Dreams have always vexed man because they remove the line between reality and fantasy, between will and necessity. In life, morality is entwined with responsibility: we are held responsible on the basis of decisions that we knowingly take, of intentions before our actions, and of harm or good which follows. But suppose we stumble into the land of dreams, where reason breaks, intentions distort, and actions unfold outside our control, do dream actions depict morally neutral fantasies, or do they reflect something real about who we are?

On the surface, it is absurd to hold individuals responsible for dream actions. After all, we do not dream at will, nor do we ask for the situations our minds generate. To condemn a man for theft, dishonesty, or even murder within a dream would be to condemn a storm for raining lightning. The dreamer is no more a legislator within the dream stream than a bystander, trapped within the current of fantasy. On this basis, dreams have to be above morality, products of fantasy mental theatre, outside the jurisdiction of ethics.

But there is a rebuttal that complicates this picture, dreams have a tendency to reveal what our conscious minds conceal. In dreaming, the logical censor evaporates, and desire, fear, and impulse rise to the surface. Freud famously held that dreams are “the royal road to the unconscious,” a gateway to the true self free of social pretense. If so, then what we do in dreams, even if not of our choosing, can still tell us something about our moral state within. A violent dream need not render us guilty of violence, but it can reveal underlying aggression. A dream of betrayal can warn of unseen temptation. Thus, dreams become moral introspection, challenging us to confront the parts of ourselves we deny.

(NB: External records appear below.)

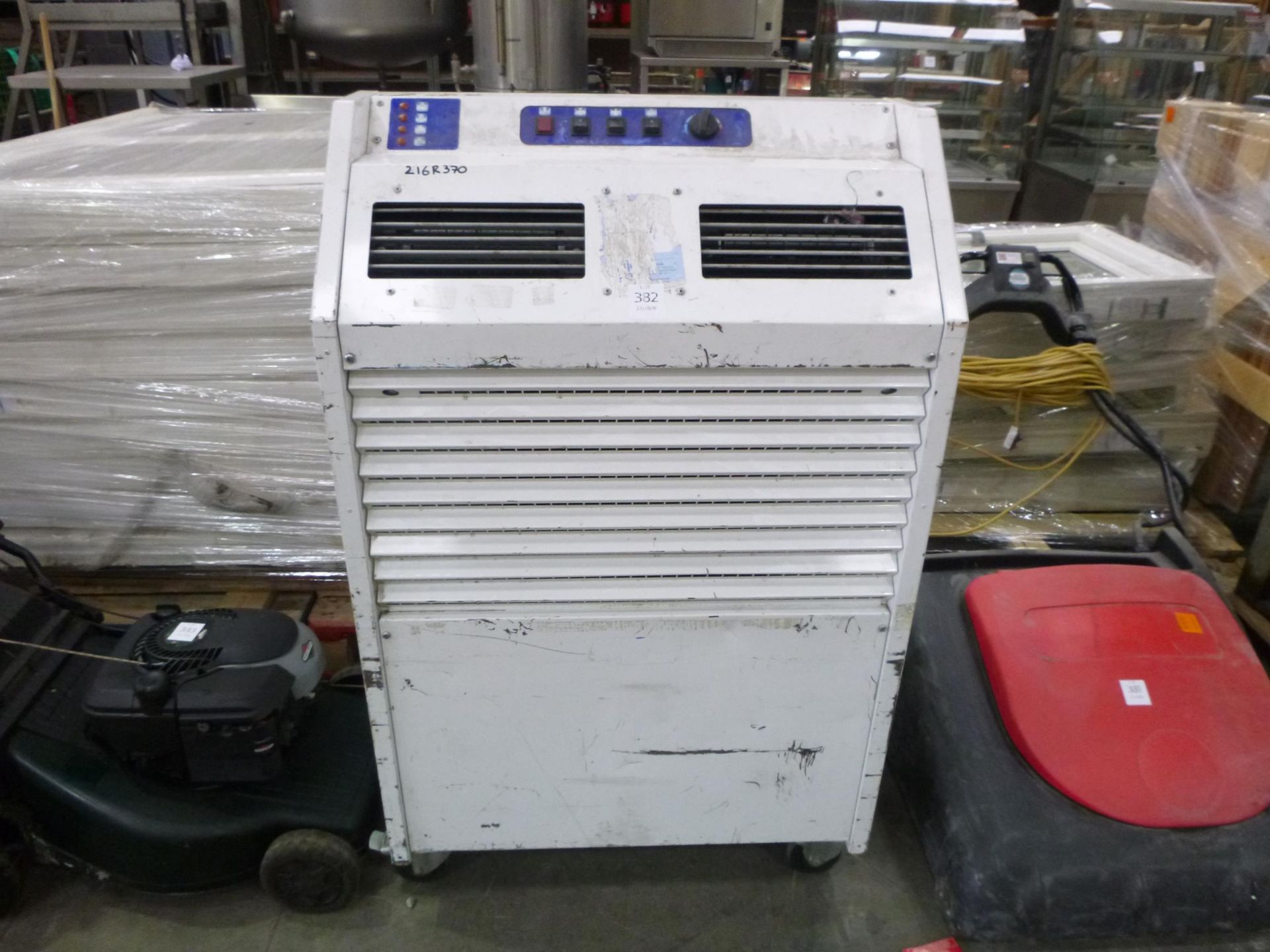 * A Split Air Conditioning Unit. Please note there is £5 plus VAT Lift Out Fee on this Lot.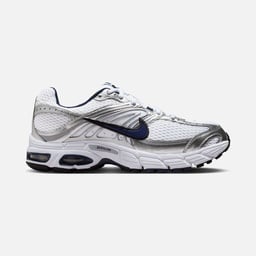 Nike Air Max Moto 2 Kadın Spor Ayakkabı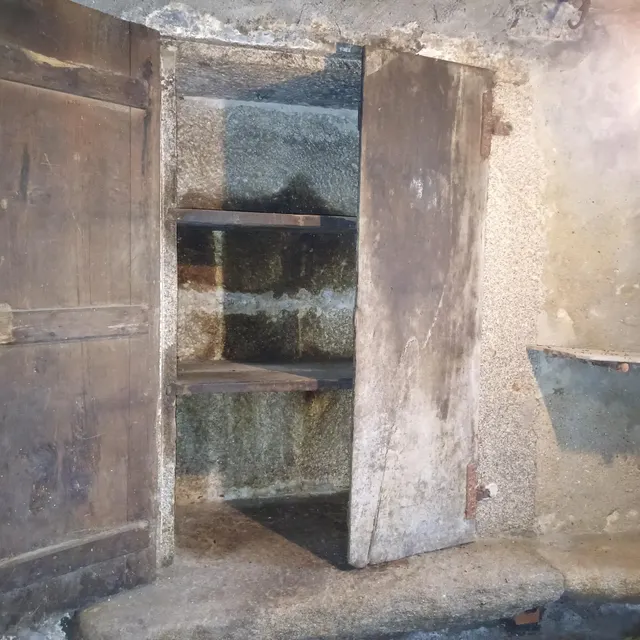 CASA EN VENTA PARA RESTAURAR — 11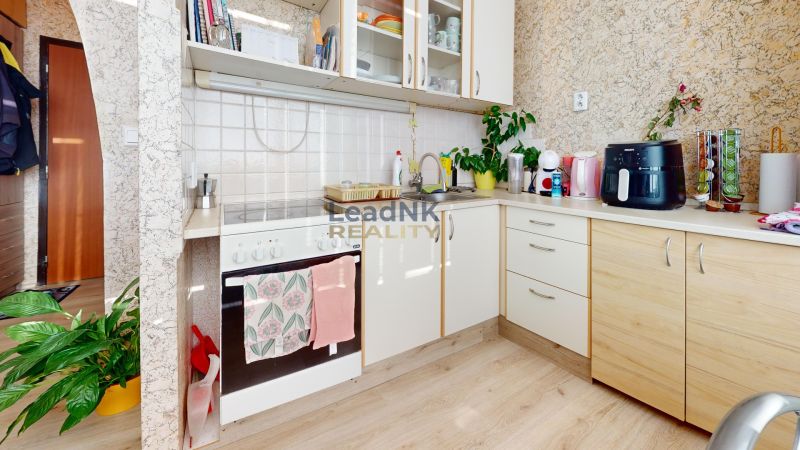 3-Strecnianska-Kitchen.jpg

But this interpretation is perilous if carried too far. Human beings cannot be defined by ephemeral images in the mind. Our selves are made up not simply by what we experience, but by how we behave on those feelings in everyday life. A taste for cruelty is not the same as cruelty; it is the restraint, the willingness to do something other than that which makes us ethical creatures. To confuse dream impulses with waking choices risks eliminating the distinction itself, and thus depriving morality of its purpose. If morality is a matter of blame and responsibility, then dreams, by withdraw us from actual agency, are beyond it.

Still, there are those who demand a middle ground. Perhaps, we are not morally at fault for what we do in dreams, but we are responsible to address how we interpret and integrate them subsequently. A betrayal dream may not damn us, but it will encourage us to question why this representation emerged. An aggressive dream can be warning us about anger hidden inside us. Here, dreams are ethically precious not as virtues or crimes in themselves, but as calls to higher self-knowledge. They are not moral successes or failures, but moral signs, messages of the unconscious that need to be noted upon awakening.

So are we to blame for dream deeds? Not in the same way we are guilty of our waking actions, but maybe the morality of dreams lies in how we greet them when sunlight returns. Do we reject them as meaningless shadows, or do we apply them in dealing with the deeper truths of ourselves? It is in that choice, the choice awake, not the choice dreamt, our duty begins.